▸ Task requirements:
Begin at the line below that holds "photo de TAPA" and end at the line that holds "Ford Transit 2022", transcribing each line exactly and skipping any picture.

▸ Data for this exercise:
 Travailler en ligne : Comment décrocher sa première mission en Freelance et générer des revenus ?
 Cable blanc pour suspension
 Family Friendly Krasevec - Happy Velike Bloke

* * *

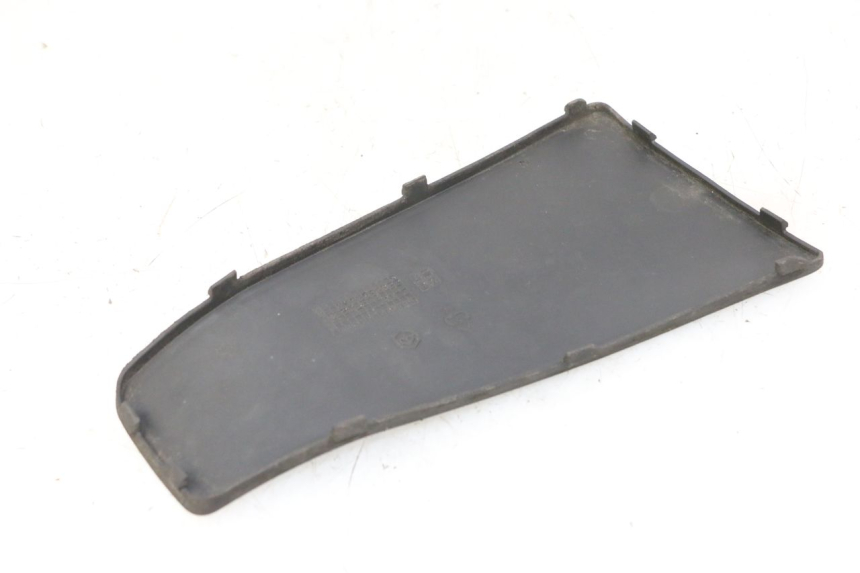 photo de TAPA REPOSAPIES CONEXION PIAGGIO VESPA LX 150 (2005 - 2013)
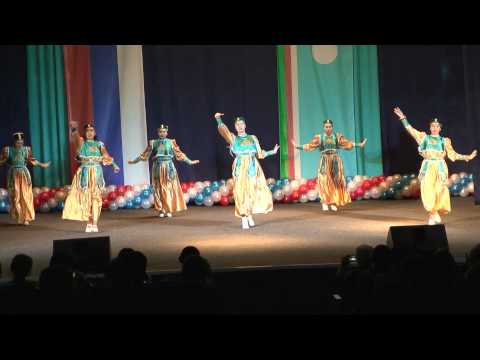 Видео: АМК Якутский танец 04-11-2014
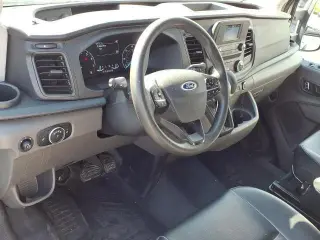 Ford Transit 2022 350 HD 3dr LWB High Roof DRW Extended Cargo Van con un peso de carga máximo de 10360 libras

▸ Written answer:
 photo de TAPA REPOSAPIES CONEXION PIAGGIO VESPA LX 150 (2005 - 2013)
 Видео: АМК Якутский танец 04-11-2014
 Ford Transit 2022 350 HD 3dr LWB High Roof DRW Extended Cargo Van con un peso de carga máximo de 10360 libras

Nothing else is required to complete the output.